Now you are trying to insert 300ish entities and each have to find or create related entities. You might have a few function that are scattered around that accomplish this. If you program this without considering performance you will easily do 300 or even 600 fetch requests. Instead you do a single fetch fetchRequest.predicate = NSPredicate(format: "channelId IN %@", objectIdsIamDealingWithNow)

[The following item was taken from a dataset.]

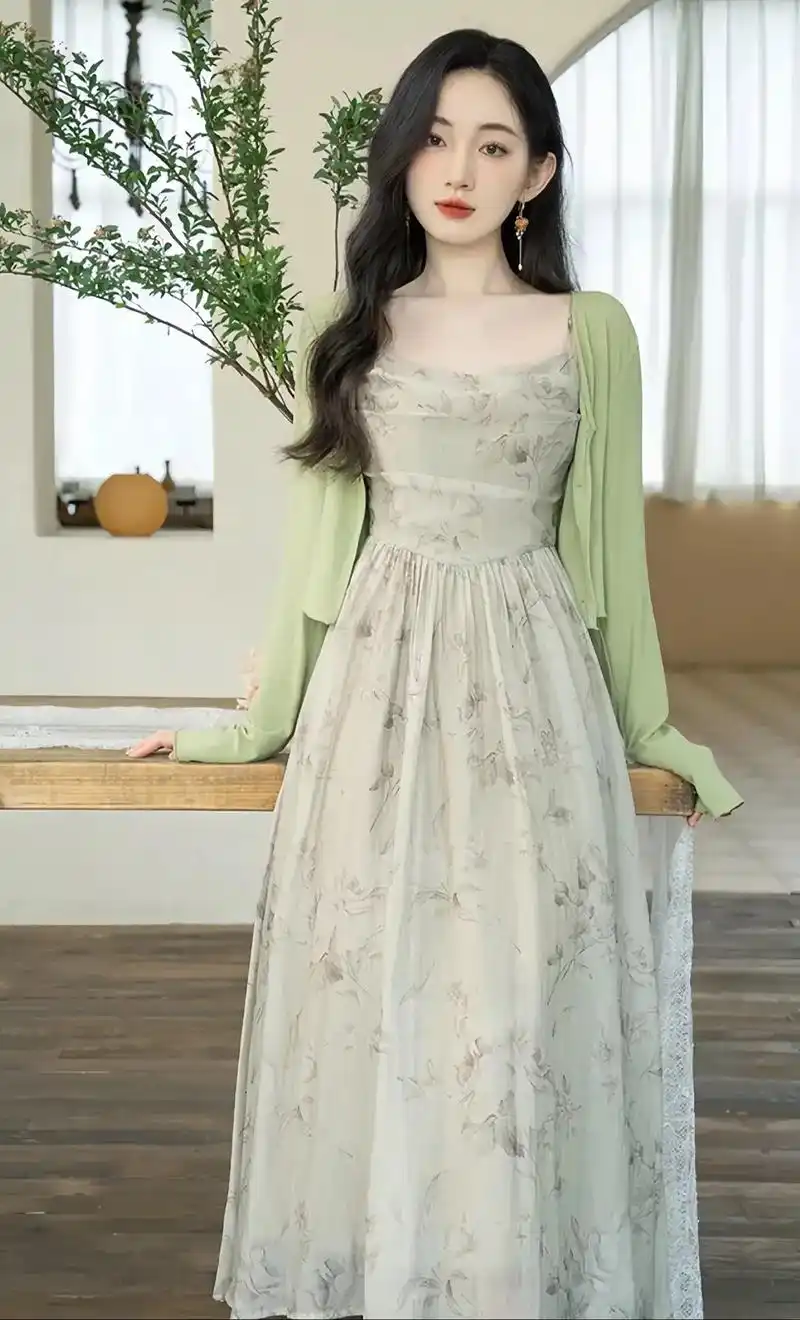 法式复古小众气质温柔风甜美高腰吊带连衣裙 防晒空调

. After you fetch convert the array to a dictionary with the id as the key
var lookup:[String: TvSchedule] = [:]
if let results = try? context.fetch(fetchRequest) {
results.forEach { if let channelId = $0.channelId { lookup[channelId] = $0 } }
}
Once you have this lookup map do not lose it. Pass it to every function that needs it. If you create objects then consider inserting them into the dictionary afterwards. Inside the core data operation this lookup dictionary is your best friend. Be careful though. This object contains managedObjects which are not thread safe. You create this object at the beginning of your database block and must discard it at the end.
You don't have any code that explicitly deals with this, but I wouldn't be surprise if you run into it. Lets say you have a particular TvSchedule
and you want to find all of the Programs that are in the schedule in a particular language. The natural way to do this would be to create a predicate that looks something like: "TvSchedule == %@ AND langId == %@". But it is actually much faster to do mySchedule.programs.filter {%@.langId = myLangId }
I see you are already adding logs to the code to see how long stuff takes, that is really good. I would also recommend using the Profile tools of xCode. This can be really good for finding the functions that are taking up most of the time.